Records to process —

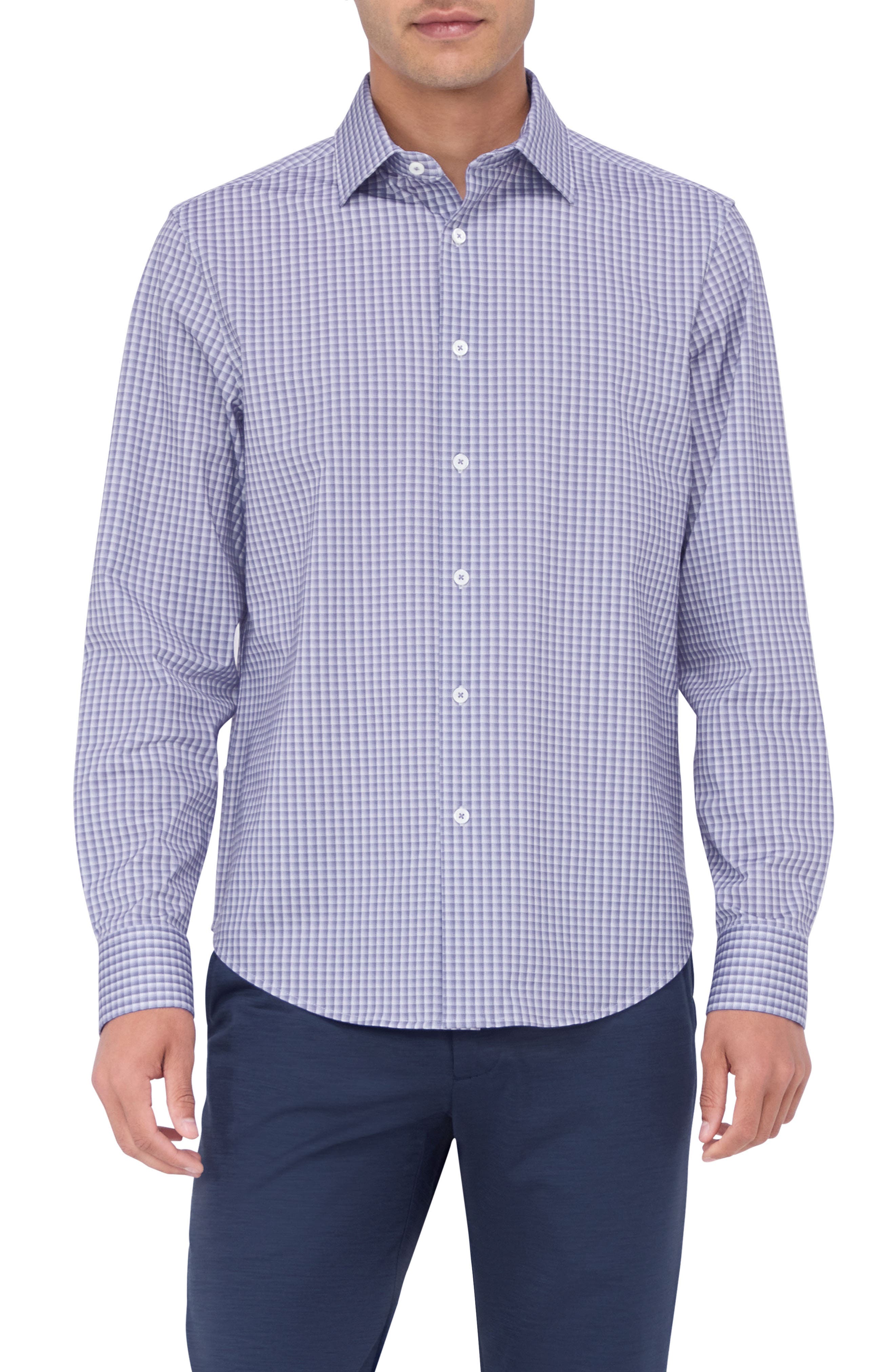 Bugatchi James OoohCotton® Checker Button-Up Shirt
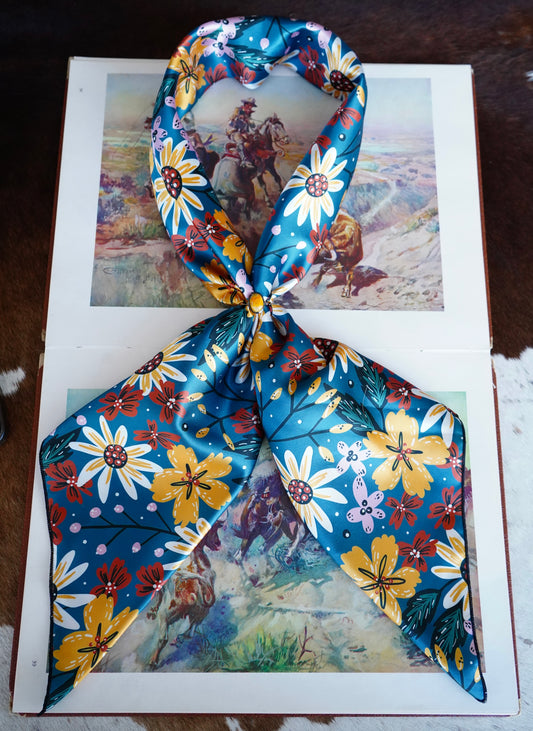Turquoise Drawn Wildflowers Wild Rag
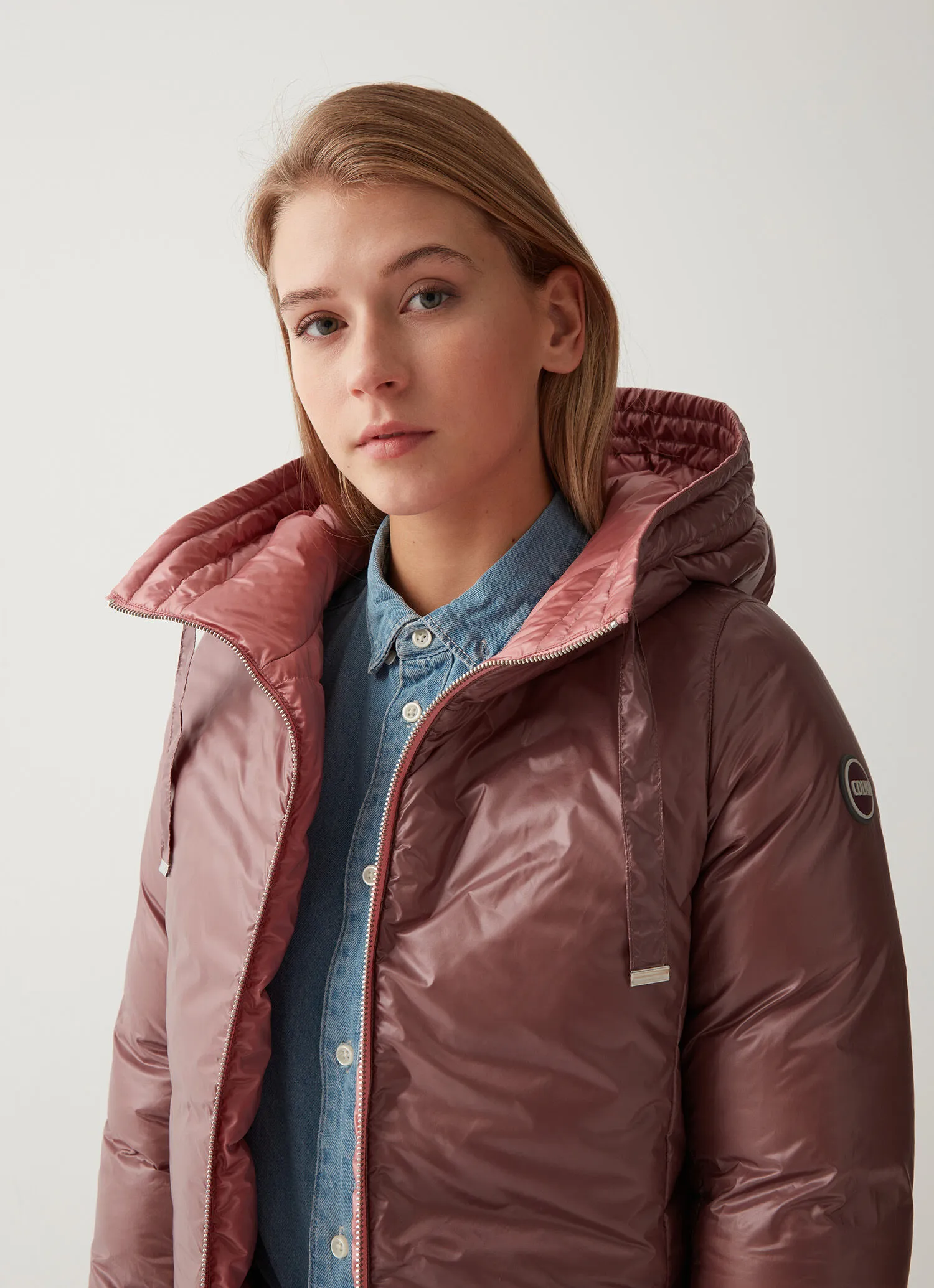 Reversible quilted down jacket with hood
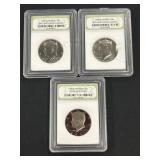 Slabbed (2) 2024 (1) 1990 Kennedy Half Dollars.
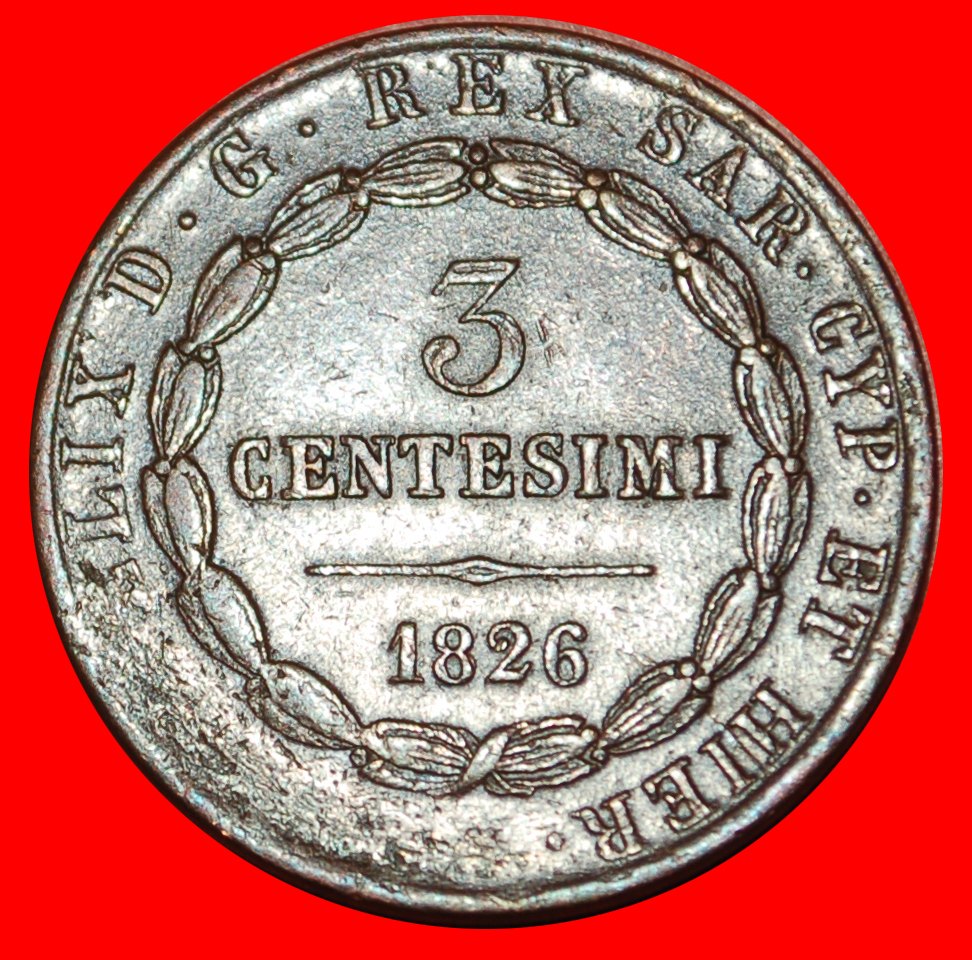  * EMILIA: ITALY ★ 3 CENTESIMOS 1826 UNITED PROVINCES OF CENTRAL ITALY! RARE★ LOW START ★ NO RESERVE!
---
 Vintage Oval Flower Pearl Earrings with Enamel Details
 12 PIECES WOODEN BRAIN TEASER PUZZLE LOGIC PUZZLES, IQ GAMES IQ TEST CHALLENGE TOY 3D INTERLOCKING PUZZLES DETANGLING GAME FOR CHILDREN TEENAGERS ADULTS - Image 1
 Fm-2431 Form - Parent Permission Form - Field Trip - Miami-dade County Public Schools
==
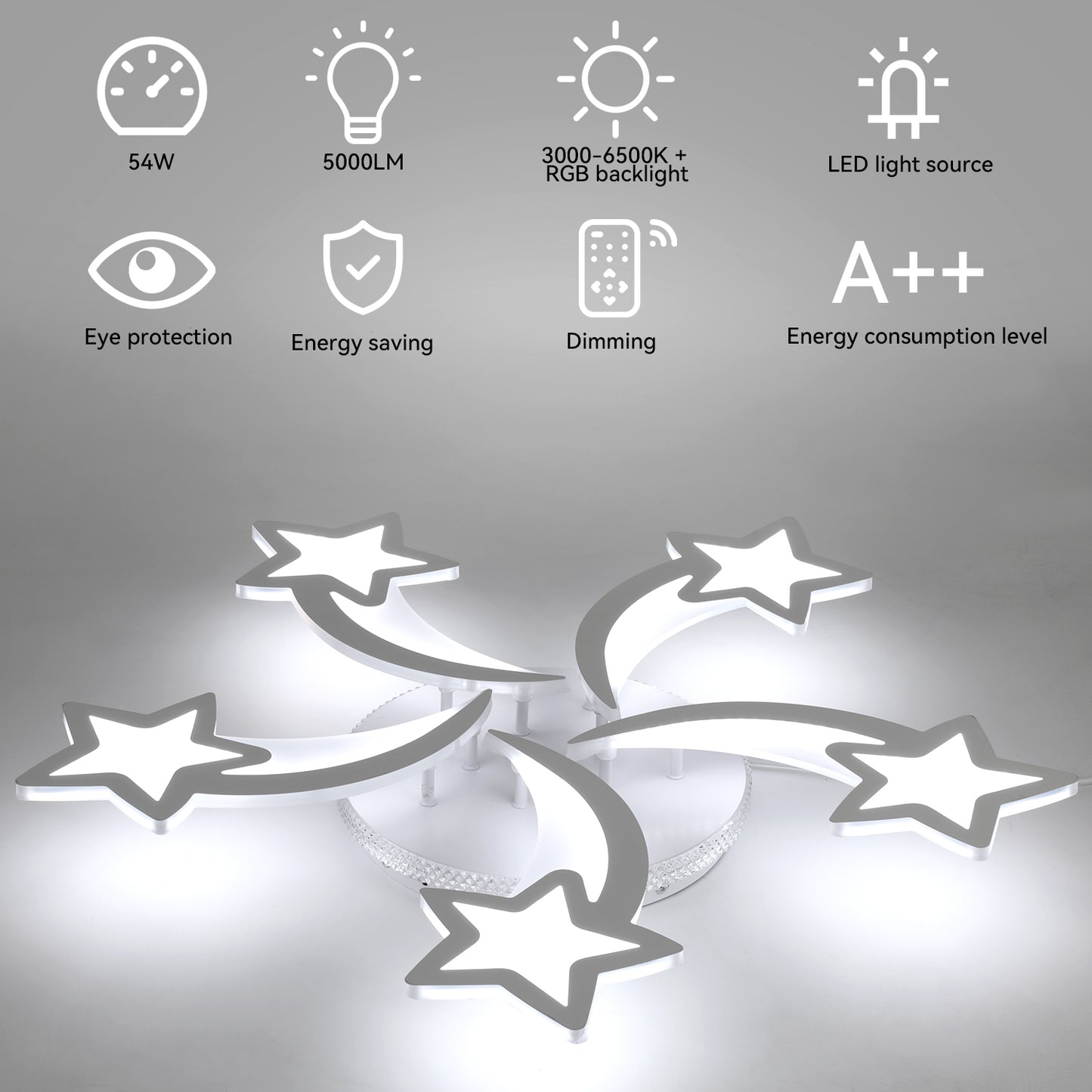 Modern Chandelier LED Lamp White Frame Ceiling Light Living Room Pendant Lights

Prompt — Keep to the lines above from the line with "Bugatchi James OoohCotton®" to the line with "Slabbed (2) 2024", and set down exactly those, inclusive, with nothing else and every picture left out.

Exercise answer —
 Bugatchi James OoohCotton® Checker Button-Up Shirt
Turquoise Drawn Wildflowers Wild Rag
 Reversible quilted down jacket with hood
 Slabbed (2) 2024 (1) 1990 Kennedy Half Dollars.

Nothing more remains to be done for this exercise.